Ostre słowa, emocje i polityczny zgrzyt na Jasnej Górze. Ojciec Rydzyk nie przebierał w słowach pod adresem ministry edukacji. Ta nie pozostała dłużna.
Podczas tegorocznej pielgrzymki Rodziny Radia Maryja na Jasną Górę nie zabrakło kontrowersji. Ojciec Tadeusz Rydzyk podczas kazania ostro skrytykował działania minister edukacji Barbary Nowackiej. Poszło o zmiany dotyczące lekcji religii w szkołach.

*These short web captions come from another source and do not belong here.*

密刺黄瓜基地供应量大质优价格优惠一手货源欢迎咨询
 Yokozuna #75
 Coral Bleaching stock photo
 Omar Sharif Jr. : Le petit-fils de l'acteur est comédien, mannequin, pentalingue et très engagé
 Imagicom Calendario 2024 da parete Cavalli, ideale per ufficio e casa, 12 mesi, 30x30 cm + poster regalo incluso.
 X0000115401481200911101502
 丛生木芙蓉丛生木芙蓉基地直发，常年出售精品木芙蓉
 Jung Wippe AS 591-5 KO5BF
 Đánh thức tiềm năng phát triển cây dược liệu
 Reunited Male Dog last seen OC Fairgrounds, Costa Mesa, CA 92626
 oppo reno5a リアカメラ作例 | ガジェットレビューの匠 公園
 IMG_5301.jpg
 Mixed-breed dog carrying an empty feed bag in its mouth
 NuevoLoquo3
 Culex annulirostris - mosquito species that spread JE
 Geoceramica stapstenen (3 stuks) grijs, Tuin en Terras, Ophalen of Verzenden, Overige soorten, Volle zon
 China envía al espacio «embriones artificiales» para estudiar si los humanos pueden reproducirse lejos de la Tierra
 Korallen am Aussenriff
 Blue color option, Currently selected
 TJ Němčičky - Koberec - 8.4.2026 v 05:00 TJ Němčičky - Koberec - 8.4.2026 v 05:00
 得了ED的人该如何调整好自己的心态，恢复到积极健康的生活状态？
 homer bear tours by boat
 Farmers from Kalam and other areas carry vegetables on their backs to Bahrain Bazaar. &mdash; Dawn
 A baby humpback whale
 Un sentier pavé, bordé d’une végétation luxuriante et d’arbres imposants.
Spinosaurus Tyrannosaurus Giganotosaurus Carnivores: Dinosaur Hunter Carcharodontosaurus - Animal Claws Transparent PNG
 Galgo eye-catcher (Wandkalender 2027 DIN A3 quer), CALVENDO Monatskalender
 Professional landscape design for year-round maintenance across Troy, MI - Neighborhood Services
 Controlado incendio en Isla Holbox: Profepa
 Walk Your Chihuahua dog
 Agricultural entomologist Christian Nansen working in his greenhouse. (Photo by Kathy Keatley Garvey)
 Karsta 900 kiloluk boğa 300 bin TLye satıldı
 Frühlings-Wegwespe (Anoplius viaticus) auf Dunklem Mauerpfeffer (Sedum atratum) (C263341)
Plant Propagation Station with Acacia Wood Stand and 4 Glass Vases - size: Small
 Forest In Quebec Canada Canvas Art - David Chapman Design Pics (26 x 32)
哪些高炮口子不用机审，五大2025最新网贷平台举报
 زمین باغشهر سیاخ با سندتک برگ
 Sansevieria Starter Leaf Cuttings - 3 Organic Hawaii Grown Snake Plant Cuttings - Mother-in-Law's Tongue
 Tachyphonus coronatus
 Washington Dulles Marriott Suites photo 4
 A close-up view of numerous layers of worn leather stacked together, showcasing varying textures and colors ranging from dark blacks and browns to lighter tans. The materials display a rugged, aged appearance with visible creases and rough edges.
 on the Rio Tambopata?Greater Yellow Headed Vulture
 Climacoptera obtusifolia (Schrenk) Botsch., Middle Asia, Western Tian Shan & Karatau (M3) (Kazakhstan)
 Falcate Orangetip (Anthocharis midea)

Na Jasnej Górze wybrzmiały słowa, które wywołały burzę w mediach i polityce. Ojciec Rydzyk ostro zaatakował rząd, a szczególnie szefową resortu edukacji:
– Jak widzę tę ministrę, która mówi, że religii nie będzie w szkołach – co ty kobieto sobie wyobrażasz? Polska to jest twój folwark?
– mówił duchowny.
W dalszej części wystąpienia grzmiał, że „trzeba ludziom poustawiać dobrze w głowach, bo to, co się dzieje w Polsce, jest następstwem tego, że ludzie mają poprzestawiane w głowach”. Dodał też, że „nie można pozwolić opluwać Kościoła i Pana Boga” i że „trzeba odzyskać całą Polskę”.
Na reakcję ministry nie trzeba było długo czekać. Barbara Nowacka zamieściła na platformie X krótki, ale mocny wpis:
– Ulubiony kapłan PiS dziś na Jasnej Górze w politycznym amoku. Tak właśnie Kościół traci wiernych
– napisała.
Odniosła się też do reformy dotyczącej lekcji religii:
– Jedna lekcja religii w szkole na pierwszej lub ostatniej lekcji od 1 września 2025 to po prostu rozsądne działanie. Warto też przypomnieć, że wiara to nie biznes, a szkoła to nie ambona – podkreśliła.
Przypomnijmy – spór dotyczy rozporządzenia MEN z początku roku, które zakłada, że od września religia i etyka będą odbywać się tylko raz w tygodniu, jako pierwsza lub ostatnia lekcja. Trybunał Konstytucyjny – w składzie m.in. z Krystyną Pawłowicz i Stanisławem Piotrowiczem – orzekł, że przepis ten narusza konstytucję. Rząd zapowiedział, że wyroku nie uzna, a spór z Kościołem się zaostrza.
Na Jasnej Górze nie zabrakło również ostrzeżeń ze strony biskupów. Bp Wiesław Mering mówił wprost o „politycznych gangsterach” rządzących dziś Polską, nawiązując – jak podkreślił – do słów samego Donalda Tuska.